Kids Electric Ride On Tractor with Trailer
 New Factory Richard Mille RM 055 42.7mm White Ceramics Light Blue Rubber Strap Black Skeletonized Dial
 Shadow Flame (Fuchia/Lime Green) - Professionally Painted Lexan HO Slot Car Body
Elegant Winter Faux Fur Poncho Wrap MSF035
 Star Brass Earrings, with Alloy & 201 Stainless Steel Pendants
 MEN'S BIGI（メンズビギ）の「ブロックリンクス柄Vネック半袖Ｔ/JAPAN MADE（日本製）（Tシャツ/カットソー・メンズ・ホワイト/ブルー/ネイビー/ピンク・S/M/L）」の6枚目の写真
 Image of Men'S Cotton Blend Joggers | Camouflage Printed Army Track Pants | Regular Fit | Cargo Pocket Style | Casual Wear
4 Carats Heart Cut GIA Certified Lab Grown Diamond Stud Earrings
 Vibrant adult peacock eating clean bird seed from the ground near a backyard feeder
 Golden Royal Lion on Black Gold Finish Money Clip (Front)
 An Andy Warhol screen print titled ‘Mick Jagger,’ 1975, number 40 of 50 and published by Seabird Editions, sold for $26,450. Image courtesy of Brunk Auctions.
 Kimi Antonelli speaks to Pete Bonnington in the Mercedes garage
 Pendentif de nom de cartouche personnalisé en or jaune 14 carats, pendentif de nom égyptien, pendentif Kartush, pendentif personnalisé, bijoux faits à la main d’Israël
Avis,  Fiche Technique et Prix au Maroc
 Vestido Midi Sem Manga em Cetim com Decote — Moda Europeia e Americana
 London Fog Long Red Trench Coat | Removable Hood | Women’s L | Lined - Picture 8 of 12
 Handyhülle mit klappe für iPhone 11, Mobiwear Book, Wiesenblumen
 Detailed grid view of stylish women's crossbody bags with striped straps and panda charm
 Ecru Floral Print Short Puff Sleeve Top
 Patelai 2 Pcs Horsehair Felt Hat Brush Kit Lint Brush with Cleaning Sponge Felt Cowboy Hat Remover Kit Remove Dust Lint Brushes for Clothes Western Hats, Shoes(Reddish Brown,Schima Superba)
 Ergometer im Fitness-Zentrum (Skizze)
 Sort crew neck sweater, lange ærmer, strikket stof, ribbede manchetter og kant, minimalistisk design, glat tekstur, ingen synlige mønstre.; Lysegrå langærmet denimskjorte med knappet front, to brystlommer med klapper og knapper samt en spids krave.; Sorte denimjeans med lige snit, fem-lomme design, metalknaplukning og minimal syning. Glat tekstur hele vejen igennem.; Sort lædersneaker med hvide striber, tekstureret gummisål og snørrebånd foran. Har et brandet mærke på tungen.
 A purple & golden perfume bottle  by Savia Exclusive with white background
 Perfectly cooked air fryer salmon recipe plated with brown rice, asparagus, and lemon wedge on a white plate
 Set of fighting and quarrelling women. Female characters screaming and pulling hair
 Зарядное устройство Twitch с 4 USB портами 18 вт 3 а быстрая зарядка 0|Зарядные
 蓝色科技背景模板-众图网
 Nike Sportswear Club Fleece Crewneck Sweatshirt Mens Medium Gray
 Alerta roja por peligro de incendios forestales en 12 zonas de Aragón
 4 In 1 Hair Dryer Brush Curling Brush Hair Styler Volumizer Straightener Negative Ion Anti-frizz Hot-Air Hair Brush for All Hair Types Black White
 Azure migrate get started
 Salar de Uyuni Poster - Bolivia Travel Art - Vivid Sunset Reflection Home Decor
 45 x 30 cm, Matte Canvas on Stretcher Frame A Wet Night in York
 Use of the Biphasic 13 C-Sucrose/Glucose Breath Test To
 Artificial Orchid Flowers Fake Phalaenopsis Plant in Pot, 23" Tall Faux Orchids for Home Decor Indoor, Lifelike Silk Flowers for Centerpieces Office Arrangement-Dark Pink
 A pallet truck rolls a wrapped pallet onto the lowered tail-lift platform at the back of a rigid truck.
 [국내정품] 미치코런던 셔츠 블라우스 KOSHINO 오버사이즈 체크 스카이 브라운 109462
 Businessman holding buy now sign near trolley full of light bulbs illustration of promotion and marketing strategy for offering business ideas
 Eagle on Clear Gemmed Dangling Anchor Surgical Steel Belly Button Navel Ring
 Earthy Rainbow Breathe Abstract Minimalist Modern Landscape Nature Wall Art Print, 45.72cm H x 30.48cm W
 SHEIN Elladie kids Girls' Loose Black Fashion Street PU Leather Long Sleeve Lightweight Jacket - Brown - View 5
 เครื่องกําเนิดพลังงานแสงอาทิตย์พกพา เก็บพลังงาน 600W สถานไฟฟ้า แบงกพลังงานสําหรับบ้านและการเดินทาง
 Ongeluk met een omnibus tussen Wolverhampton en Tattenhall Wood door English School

━━━━━━━━━━━━━━━━

- PROBLEM DETAILS -
Take the lines from the first line of the listing up to and including the line with "An Andy Warhol" and give them again exactly.

- YOUR SOLUTION -
Kids Electric Ride On Tractor with Trailer
 New Factory Richard Mille RM 055 42.7mm White Ceramics Light Blue Rubber Strap Black Skeletonized Dial
 Shadow Flame (Fuchia/Lime Green) - Professionally Painted Lexan HO Slot Car Body
Elegant Winter Faux Fur Poncho Wrap MSF035
 Star Brass Earrings, with Alloy & 201 Stainless Steel Pendants
 MEN'S BIGI（メンズビギ）の「ブロックリンクス柄Vネック半袖Ｔ/JAPAN MADE（日本製）（Tシャツ/カットソー・メンズ・ホワイト/ブルー/ネイビー/ピンク・S/M/L）」の6枚目の写真
 Image of Men'S Cotton Blend Joggers | Camouflage Printed Army Track Pants | Regular Fit | Cargo Pocket Style | Casual Wear
4 Carats Heart Cut GIA Certified Lab Grown Diamond Stud Earrings
 Vibrant adult peacock eating clean bird seed from the ground near a backyard feeder
 Golden Royal Lion on Black Gold Finish Money Clip (Front)
 An Andy Warhol screen print titled ‘Mick Jagger,’ 1975, number 40 of 50 and published by Seabird Editions, sold for $26,450. Image courtesy of Brunk Auctions.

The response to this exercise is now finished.